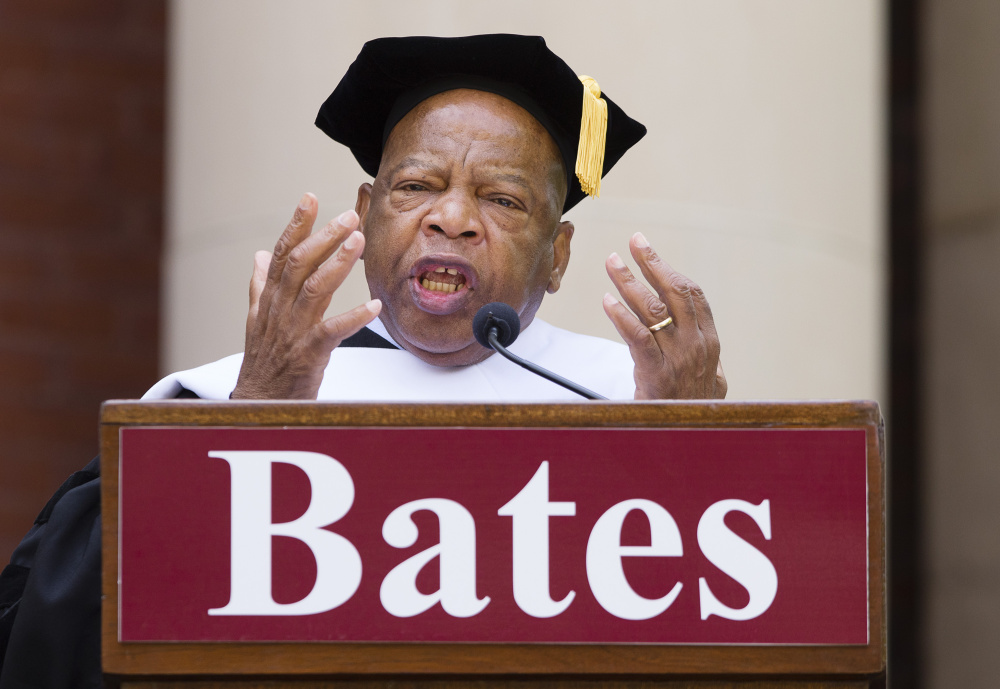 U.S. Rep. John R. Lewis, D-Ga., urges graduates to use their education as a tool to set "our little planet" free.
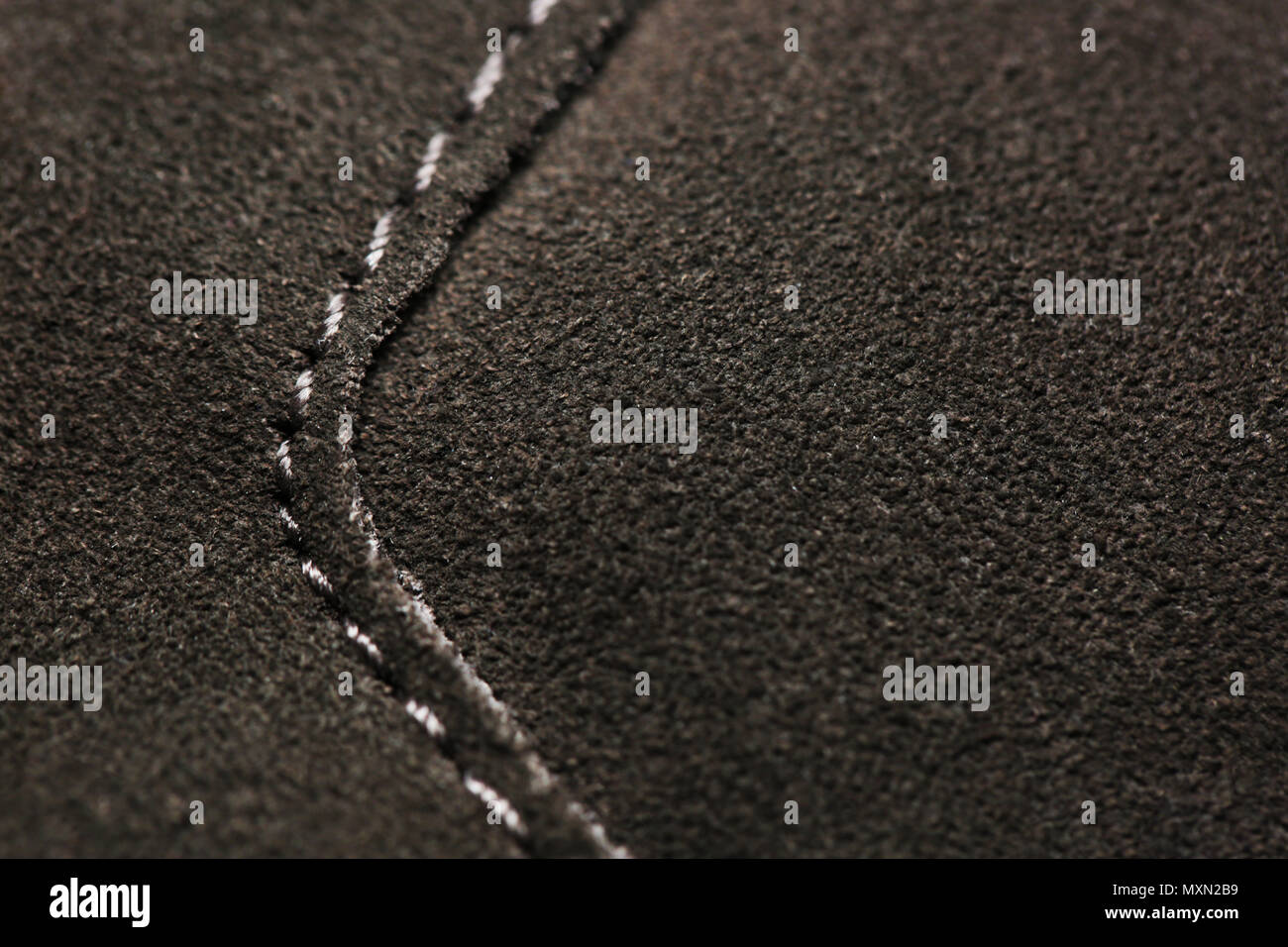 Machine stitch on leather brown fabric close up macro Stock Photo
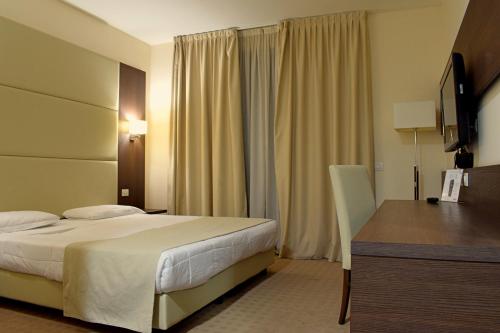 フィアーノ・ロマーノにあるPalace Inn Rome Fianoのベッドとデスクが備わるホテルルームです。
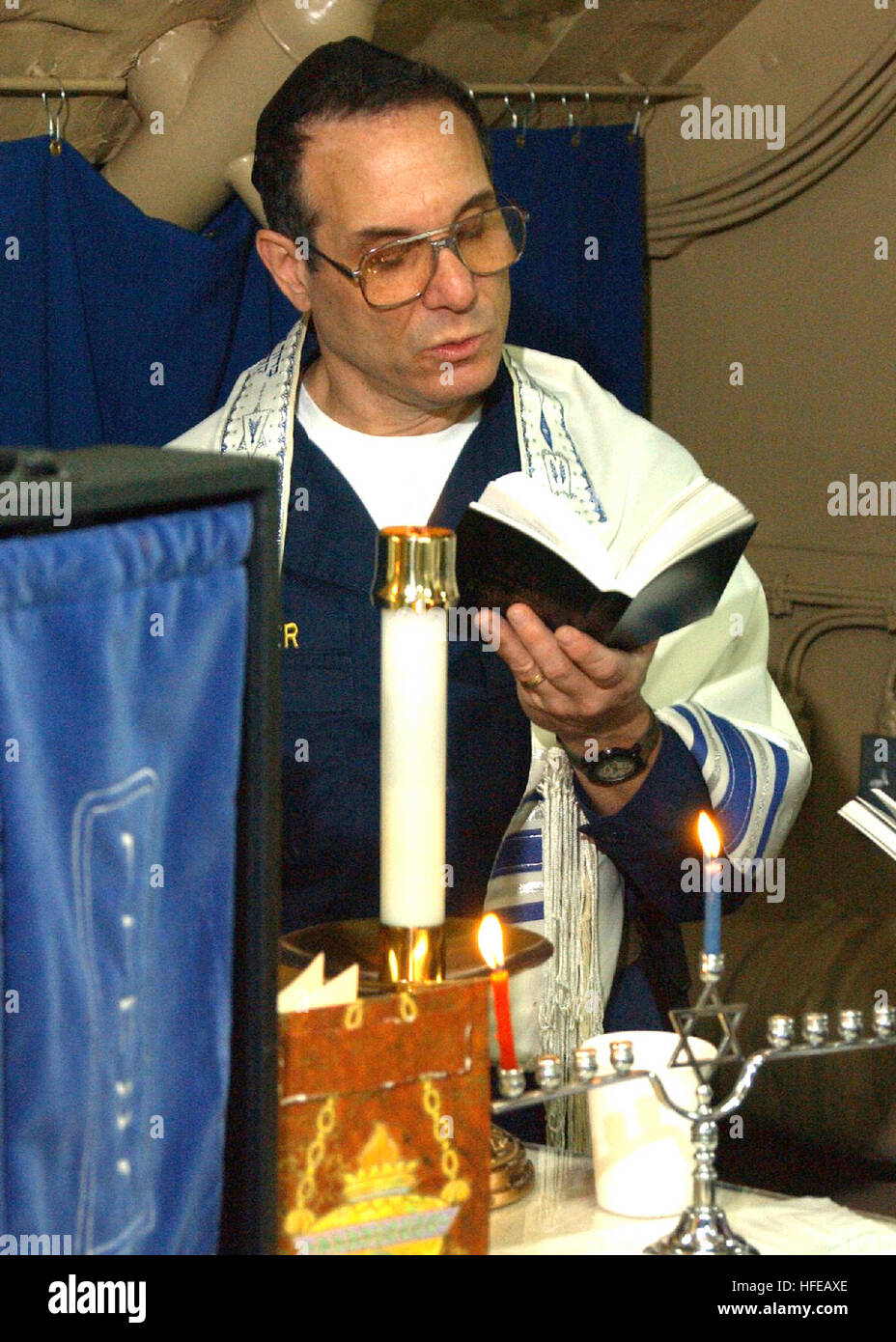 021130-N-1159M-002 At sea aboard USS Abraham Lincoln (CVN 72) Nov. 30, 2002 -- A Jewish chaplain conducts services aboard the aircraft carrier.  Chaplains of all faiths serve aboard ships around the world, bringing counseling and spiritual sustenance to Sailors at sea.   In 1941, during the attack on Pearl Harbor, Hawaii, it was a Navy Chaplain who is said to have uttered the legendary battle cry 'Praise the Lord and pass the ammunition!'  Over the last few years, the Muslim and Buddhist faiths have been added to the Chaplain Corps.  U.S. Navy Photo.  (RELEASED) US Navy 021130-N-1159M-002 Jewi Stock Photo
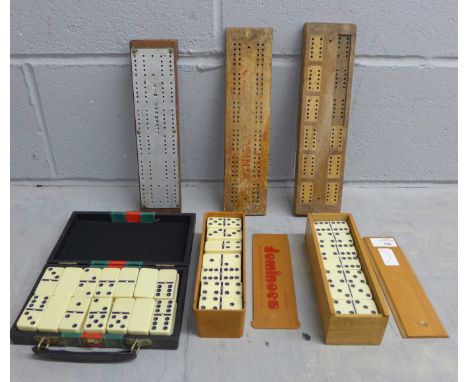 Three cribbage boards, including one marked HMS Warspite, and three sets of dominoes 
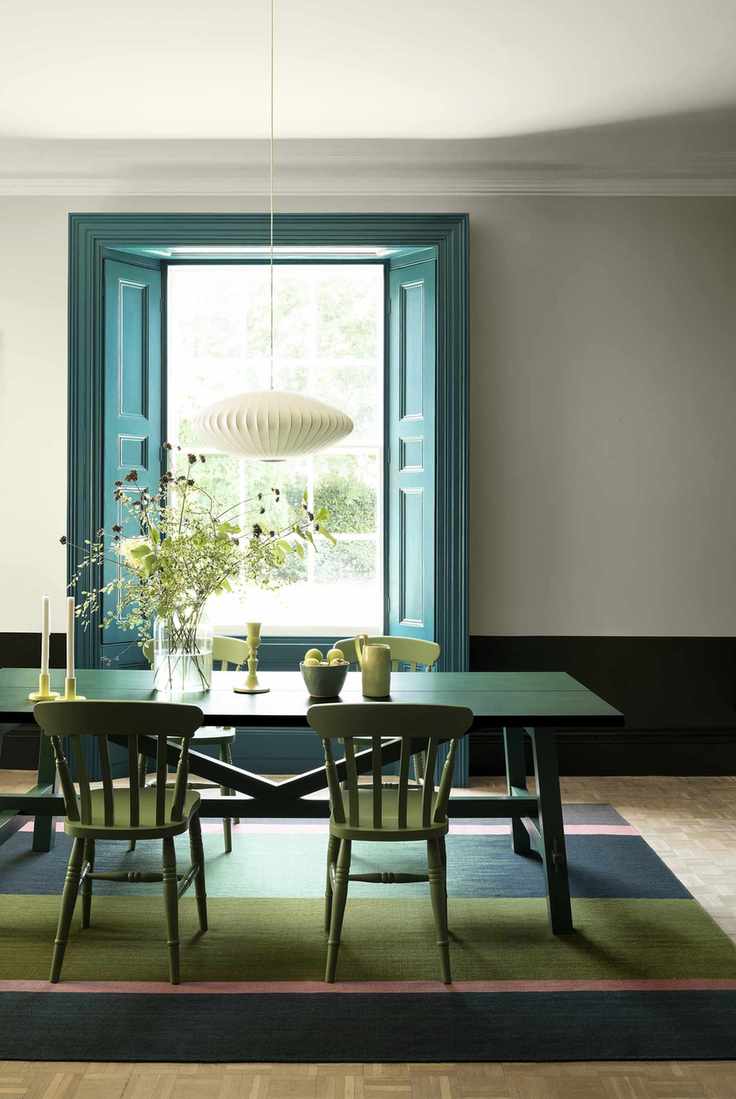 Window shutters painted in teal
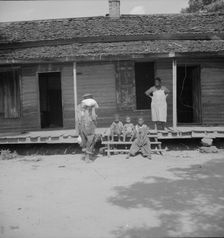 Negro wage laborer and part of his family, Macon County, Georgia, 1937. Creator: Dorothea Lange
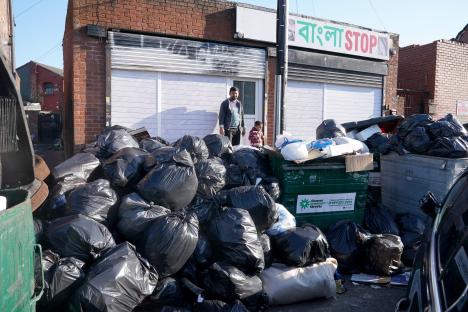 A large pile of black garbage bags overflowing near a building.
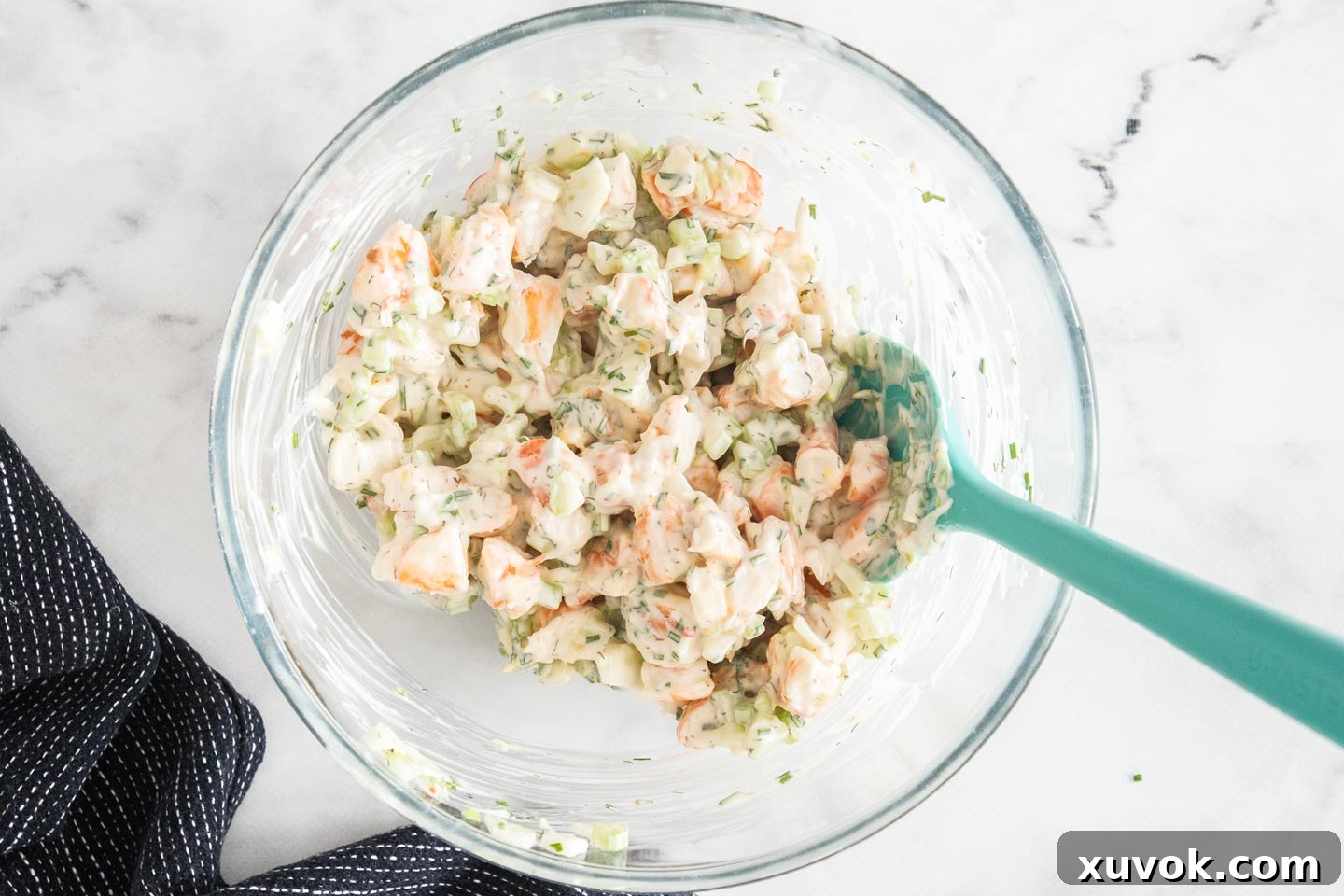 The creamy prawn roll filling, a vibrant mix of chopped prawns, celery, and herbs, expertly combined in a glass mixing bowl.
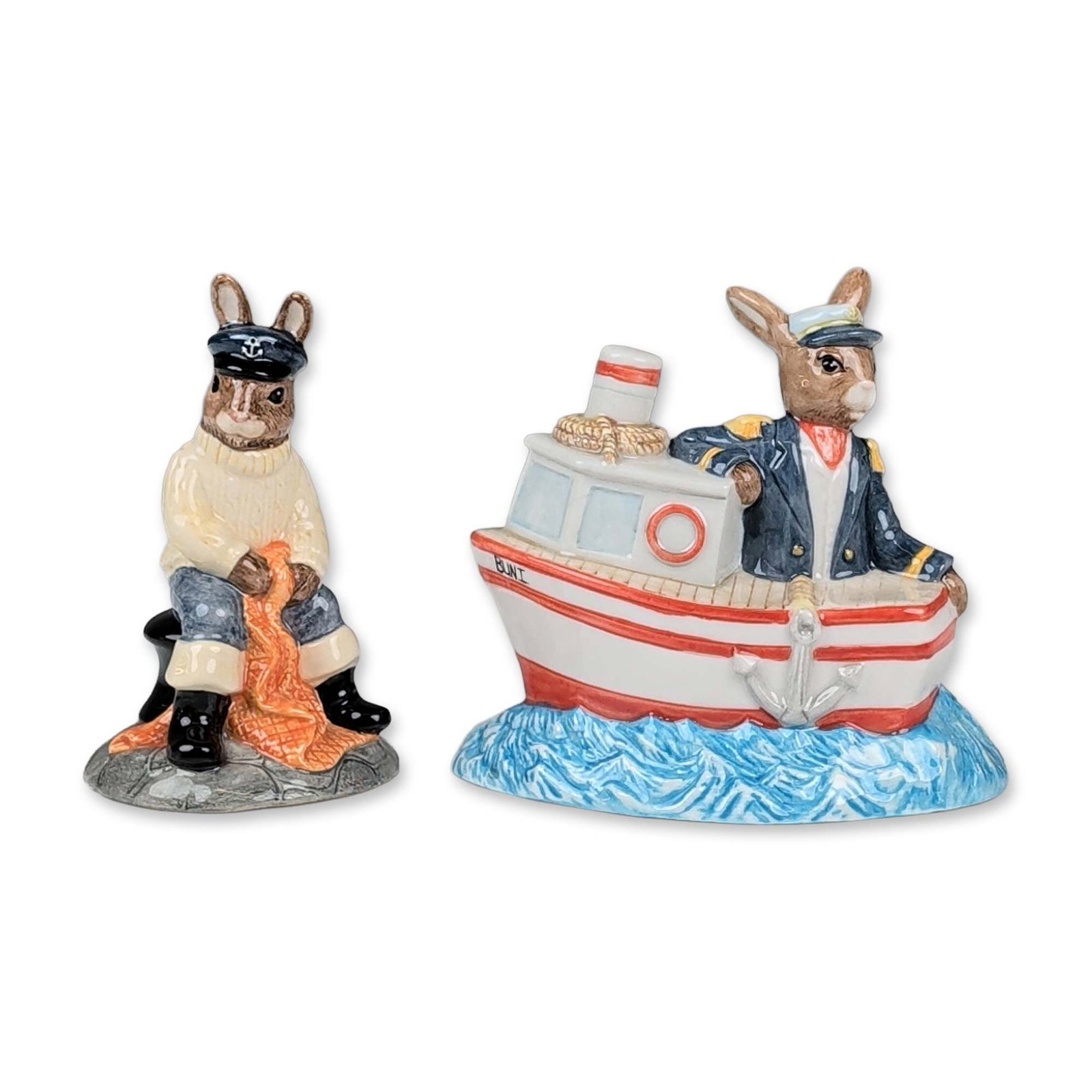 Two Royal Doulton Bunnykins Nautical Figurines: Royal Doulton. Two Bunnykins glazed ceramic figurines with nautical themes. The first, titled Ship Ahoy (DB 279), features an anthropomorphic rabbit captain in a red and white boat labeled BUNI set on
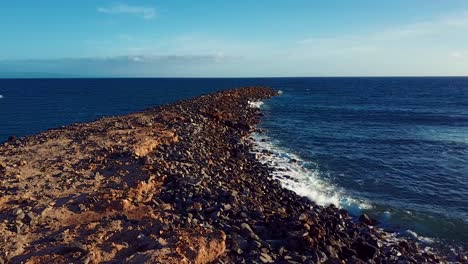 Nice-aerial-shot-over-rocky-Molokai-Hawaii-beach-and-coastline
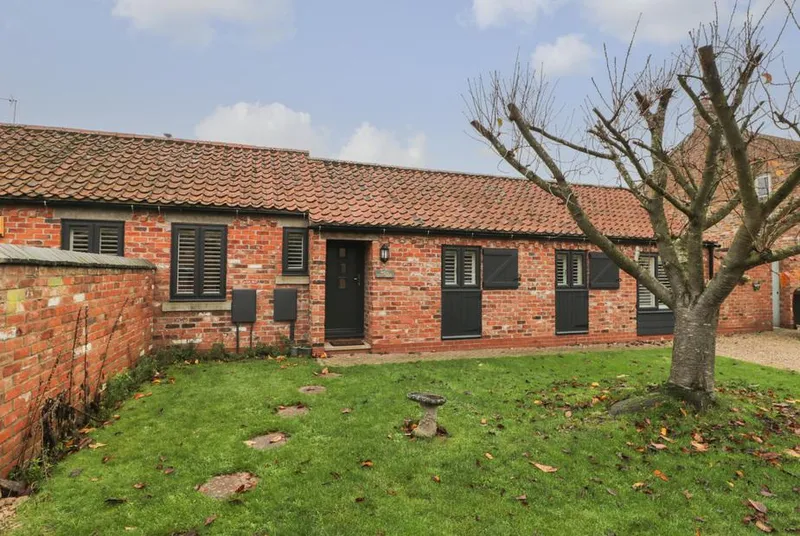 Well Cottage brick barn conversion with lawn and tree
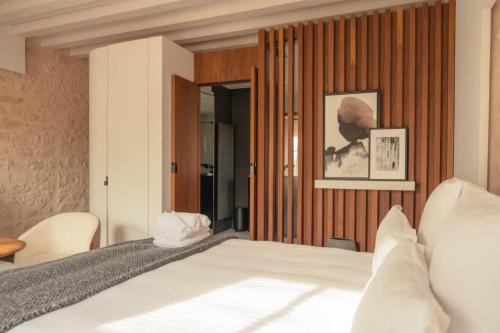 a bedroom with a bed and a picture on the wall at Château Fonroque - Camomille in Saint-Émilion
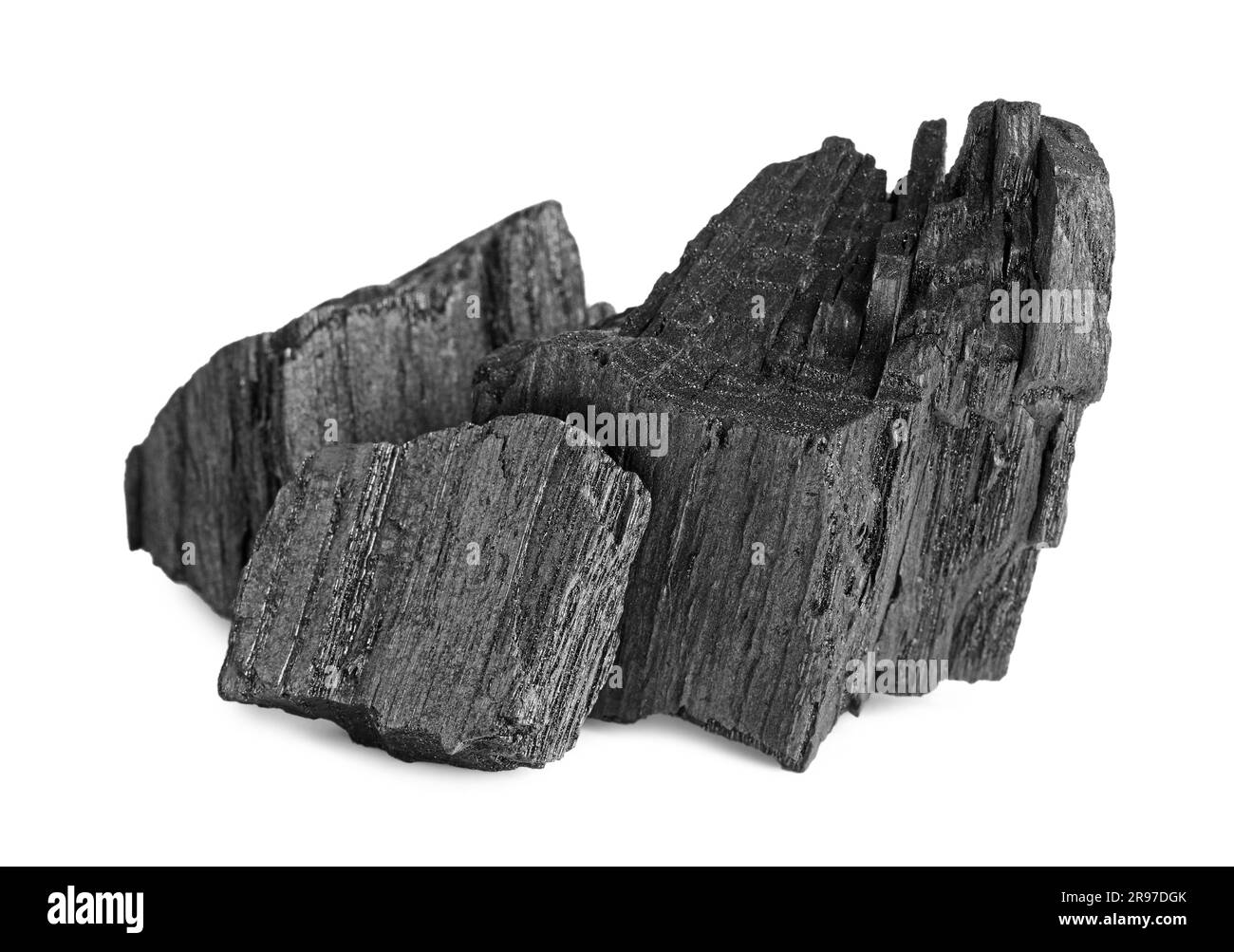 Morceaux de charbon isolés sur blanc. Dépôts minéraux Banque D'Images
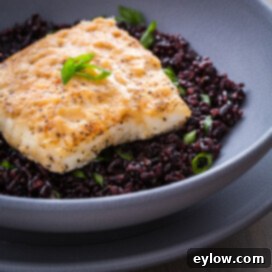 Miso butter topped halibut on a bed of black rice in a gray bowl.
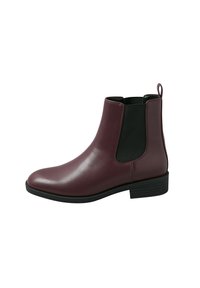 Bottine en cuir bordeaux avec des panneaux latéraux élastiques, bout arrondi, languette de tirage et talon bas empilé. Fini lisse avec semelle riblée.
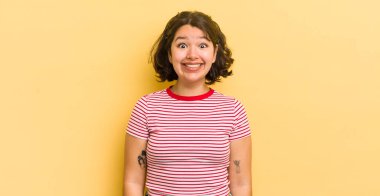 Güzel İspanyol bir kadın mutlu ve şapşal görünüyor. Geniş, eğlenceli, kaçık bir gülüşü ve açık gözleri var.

**Exercise directions:**
In the entries above, find the line that contains "A large pile", then repeat exactly every line from the first one through that line, with no pictures.

**Finished exercise:**
 U.S. Rep. John R. Lewis, D-Ga., urges graduates to use their education as a tool to set "our little planet" free.
 Machine stitch on leather brown fabric close up macro Stock Photo
 フィアーノ・ロマーノにあるPalace Inn Rome Fianoのベッドとデスクが備わるホテルルームです。
 021130-N-1159M-002 At sea aboard USS Abraham Lincoln (CVN 72) Nov. 30, 2002 -- A Jewish chaplain conducts services aboard the aircraft carrier.  Chaplains of all faiths serve aboard ships around the world, bringing counseling and spiritual sustenance to Sailors at sea.   In 1941, during the attack on Pearl Harbor, Hawaii, it was a Navy Chaplain who is said to have uttered the legendary battle cry 'Praise the Lord and pass the ammunition!'  Over the last few years, the Muslim and Buddhist faiths have been added to the Chaplain Corps.  U.S. Navy Photo.  (RELEASED) US Navy 021130-N-1159M-002 Jewi Stock Photo
 Three cribbage boards, including one marked HMS Warspite, and three sets of dominoes 
 Window shutters painted in teal
 Negro wage laborer and part of his family, Macon County, Georgia, 1937. Creator: Dorothea Lange
 A large pile of black garbage bags overflowing near a building.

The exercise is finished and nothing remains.